Instruction Sequencing
- memory latency problem
- Wide Memories
- Remember from chapter 3, we could use multiple banks of memory
to decrease memory access time.
- In our simple machine, what if we fetch 32 bits at a time?
- How about 64?
- Especially useful for instruction fetch.
- Not bad for sequential processing of an array.
- We do not improve the time to fetch a single instruction,
- But we do improve the instruction bandwidth.
- But jumps are a problem.
- There are some problems, but this has been implemented in the IBM
RS/6000
- Interleaving
- How about multiple independant banks of memory
- 1/n of the words.
- This can work for both data and instruction
- In fact, how about data in one and instructions in another.
- Instruction Prefetching
- We have already discussed this one.
- Possibly interpret instructions before they get to the cpu
- This will help with unconditional branches.
- Cache
- Small memory for instructions only built into the processor
- Same speed as the processor
- Principle of locality - we will execute instructions close to
the last instruction we executed.
- This works with linear code
- But also with loops
- A cache hit occurs when an instruction we want is in the cache
- A cache miss occurs otherwise.
- Cache miss is expensive
- We must go to main memory to get the instruction
- This will cause wait states, or a processor stall
- Caches can be set up in a number of ways
- Fully Associative - address and data are stored in the cache
- Direct Mapped - each memory address goes to a unique space in
cache
- N-way set associative - each address can go to one of
N slots.
- Each of these has different performance characteristics.
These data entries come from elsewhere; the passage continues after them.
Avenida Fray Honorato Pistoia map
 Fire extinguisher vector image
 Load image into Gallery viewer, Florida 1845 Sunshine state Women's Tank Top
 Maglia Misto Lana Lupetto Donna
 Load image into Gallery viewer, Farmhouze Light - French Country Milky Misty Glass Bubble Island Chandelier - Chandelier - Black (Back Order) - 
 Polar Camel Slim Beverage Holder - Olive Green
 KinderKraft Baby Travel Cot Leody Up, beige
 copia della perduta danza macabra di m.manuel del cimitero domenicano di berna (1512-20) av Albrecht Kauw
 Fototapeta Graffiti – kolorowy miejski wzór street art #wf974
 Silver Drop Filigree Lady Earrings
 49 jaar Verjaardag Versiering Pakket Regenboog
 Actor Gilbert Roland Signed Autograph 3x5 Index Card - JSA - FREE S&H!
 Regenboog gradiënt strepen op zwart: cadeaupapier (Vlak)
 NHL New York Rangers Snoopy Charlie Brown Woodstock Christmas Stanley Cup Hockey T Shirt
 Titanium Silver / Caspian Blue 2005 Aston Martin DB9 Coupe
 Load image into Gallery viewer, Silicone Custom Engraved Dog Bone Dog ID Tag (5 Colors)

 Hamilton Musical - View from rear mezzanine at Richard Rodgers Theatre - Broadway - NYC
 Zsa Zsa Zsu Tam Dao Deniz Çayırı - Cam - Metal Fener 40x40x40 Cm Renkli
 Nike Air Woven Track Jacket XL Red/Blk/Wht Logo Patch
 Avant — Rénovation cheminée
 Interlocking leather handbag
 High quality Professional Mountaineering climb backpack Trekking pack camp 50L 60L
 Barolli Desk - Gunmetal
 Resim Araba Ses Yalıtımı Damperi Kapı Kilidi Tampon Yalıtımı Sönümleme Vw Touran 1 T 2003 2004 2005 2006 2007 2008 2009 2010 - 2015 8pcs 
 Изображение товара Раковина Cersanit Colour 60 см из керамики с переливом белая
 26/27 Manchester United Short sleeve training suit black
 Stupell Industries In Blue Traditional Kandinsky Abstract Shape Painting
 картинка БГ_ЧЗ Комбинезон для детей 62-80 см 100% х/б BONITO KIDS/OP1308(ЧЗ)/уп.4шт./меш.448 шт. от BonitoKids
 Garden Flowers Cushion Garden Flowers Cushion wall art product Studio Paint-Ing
- We also need to worry about when to change entries in the cache
- LRU - least recently used
- FIFO
- Random
- Different performances, overhead, and ease of implementing.
- Data Caching
- Like instruction cache
- But we need to worry about writes
- Write Through - data is written to cache and to memory
- Write Back - data is written to cache only, and only written
to memory when the cache block is replaced.
- Again there are a number of considerations here, but we won't
worry about them too much. (Until next Fall)
-
- Caches can be set up at different levels and speeds.
- The further from the processor, the bigger, and slower.
- Some processor information
- P4 - 1.5 GHz - 2.4 GHz
- 512 KB cache
- 8 - way set associative
- 20 stage pipeline
- UltraSparc III
- 700 - 900 MHz
- 32K I
- 64K D
- 8 MB external
- HPPA 8700
- 750 MHz
- .75 MB d cache
- 1.5 MB I cache
Machine | Processor | SPECINT 2000 | SPECFP 2000 |
Sun Blade 2050 | 900 MHZ | 537 | 610 |
HP 3700 | 750 MHZ | 568 | 604 |
Dell 340 | 2.2 GHz | 790 | 811 |
- New 2003, cache information
- 3.06 GHz XEON
- I don't completely trust the source for this one.
- ICache: Execution Trace Cache (12K, micro-ops)
- ICache: L2 512K, 8-way
- L1 dcache, 8K, 4-way
- Specint 2000 1099
- Specfp 2000 1053
- 1GHZ Alpha
- 64K icache, 64K dcache
- 8MB L2
- Specint 2000 795
- Specfp 2000 1124
- 1.2 GHz Ultrasparc III cu
- 32K I cache
- 64 K Data
- 8MB L2
- Specint 2000 642
- Specfp 2000 953